Pengungsi yang tiba di wilayah selatan melaporkan kekurangan air minum, makanan, dan tempat tidur darurat. Kondisi ini memicu kekhawatiran krisis kemanusiaan yang semakin parah.
Krisis Kemanusiaan: Kelaparan dan Malnutrisi
Sebelumnya, Kementerian Kesehatan Gaza mengumumkan bahwa tujuh orang, termasuk anak-anak, meninggal akibat malnutrisi dalam 24 jam terakhir. Sejak perang meletus, total korban tewas akibat kelaparan telah mencapai 420 orang, 145 di antaranya anak-anak.
- Kerusakan jaringan distribusi pangan membuat harga bahan pokok meroket, sementara daya beli penduduk menurun drastis.
- Organisasi kemanusiaan memperingatkan bahwa situasi malnutrisi akut bisa memicu wabah penyakit menular.
- Banyak balita mengalami pertumbuhan terhambat (stunting) akibat kekurangan gizi selama berminggu-minggu konflik.
Kondisi Infrastruktur dan Akses Bantuan
Gaza City kini dipenuhi puing-puing gedung dan jalanan rusak akibat rudal. Jaringan listrik padam sebagian besar hari, menghambat operasi rumah sakit dan pompa air. Lebih dari 90 persen bangunan besar di kota ini mengalami kerusakan parah. Beberapa poin penting:
- Jalan utama tertutup reruntuhan, memperlambat distribusi bantuan medis dan pangan.

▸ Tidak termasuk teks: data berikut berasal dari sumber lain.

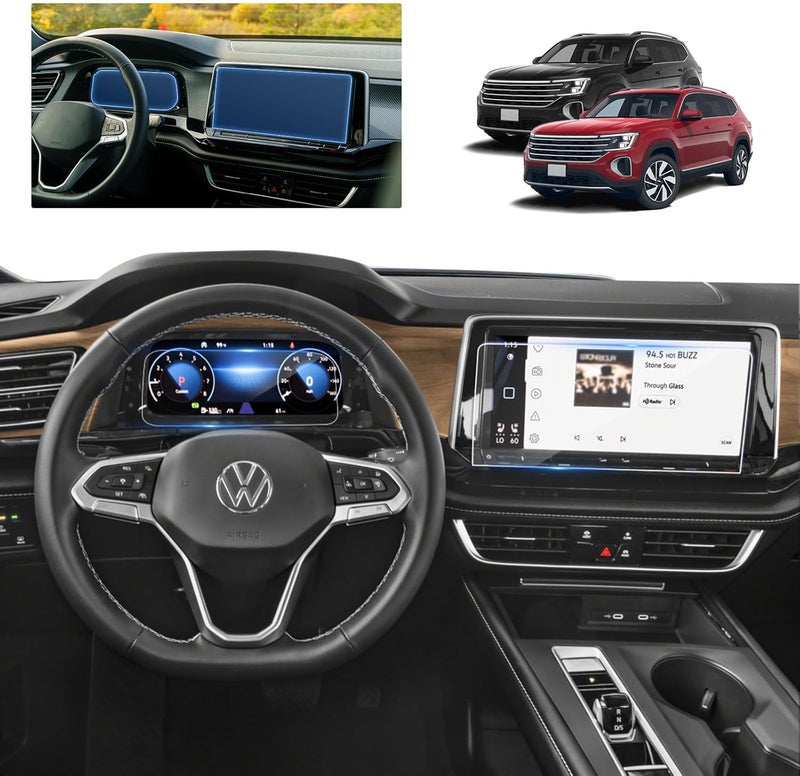 BSTW for 2024 Volkswagen Atlas Screen Protector for 2024 VW Atlas/Atlas Cross Sport 12" Touchscreen & 10.3" Instrument Display Screen Anti-Scratch Tempered Glass Protective Film - Image 1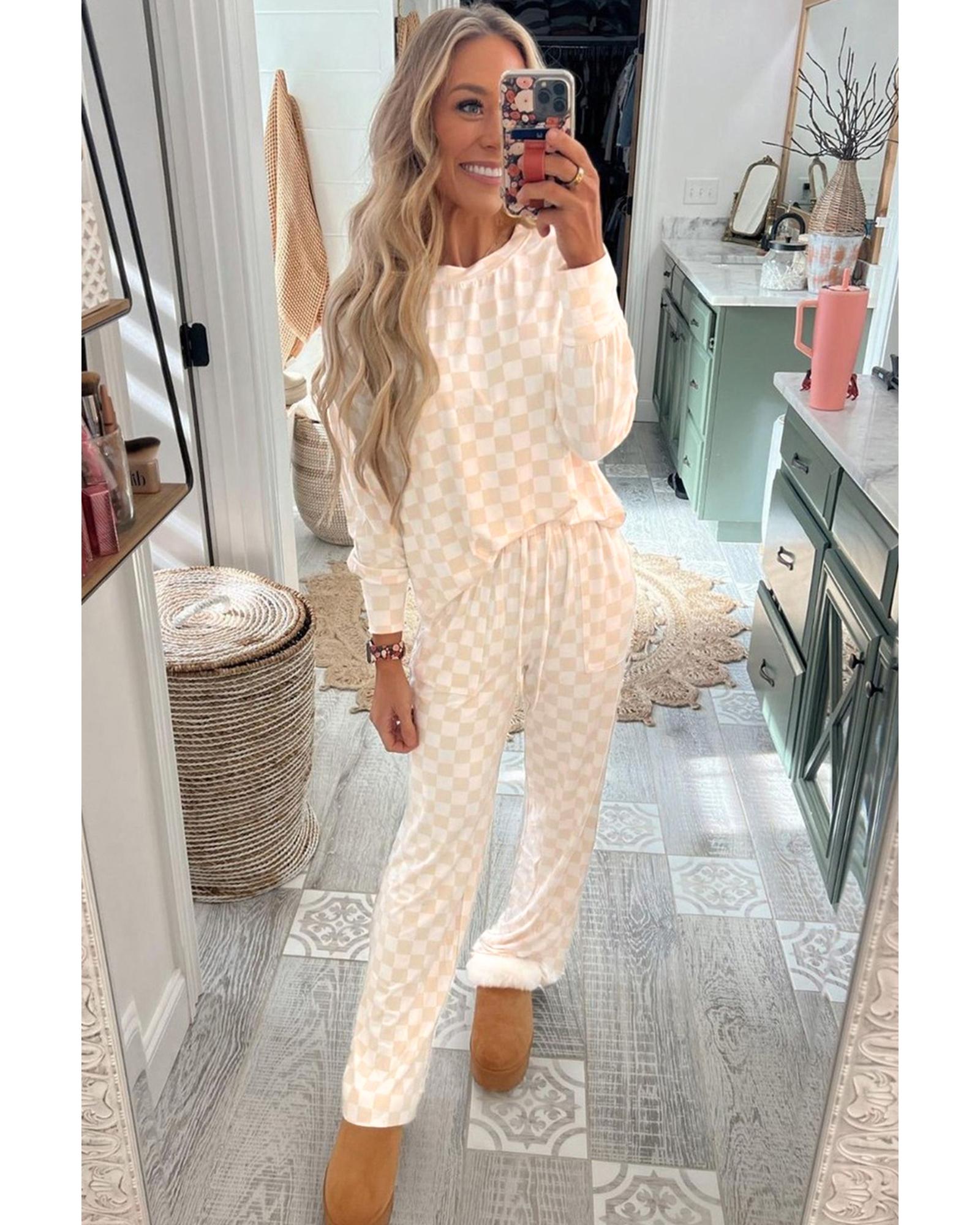 Beige Checkered Print Long Sleeve Top and Pants Lounge Set - M 4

- Stasiun pengisian bahan bakar hancur, membuat suplai generator darurat sulit dioperasikan.
- Rumah warga rusak atau rata dengan tanah, memicu gelombang tunawisma baru.
Respons Komunitas Internasional
Berbagai negara dan lembaga menyoroti tragedi ini:
- PBB menyerukan gencatan senjata sementara demi akses bantuan kemanusiaan yang aman.
- Uni Eropa mempertimbangkan sanksi terhadap pelaku pelanggaran HAM dalam konflik ini.
- Negara-negara Arab mengutuk serangan udara dan mendesak dialog perdamaian segera.
Namun, implementasi resolusi PBB sulit dipastikan, mengingat situasi di lapangan yang masih memanas dan minat politik global yang terbagi.
Tantangan ke Depan dan Permintaan Aksi Cepat
Warta Express mencatat sejumlah rekomendasi untuk meredam krisis:
- Percepatan izin akses bagi badan kemanusiaan untuk memasok tenda, obat-obatan, dan makanan instan.
- Pengamanan rute evakuasi untuk melindungi warga sipil dari kekerasan lebih lanjut.
- Negosiasi gencatan senjata lokal guna memberikan waktu bagi pemulihan infrastruktur vital.
Tanpa langkah konkret segera, korban jiwa dan penderitaan warga Gaza City diperkirakan akan terus bertambah, menambah catatan kelam dalam sejarah konflik Israel-Palestina.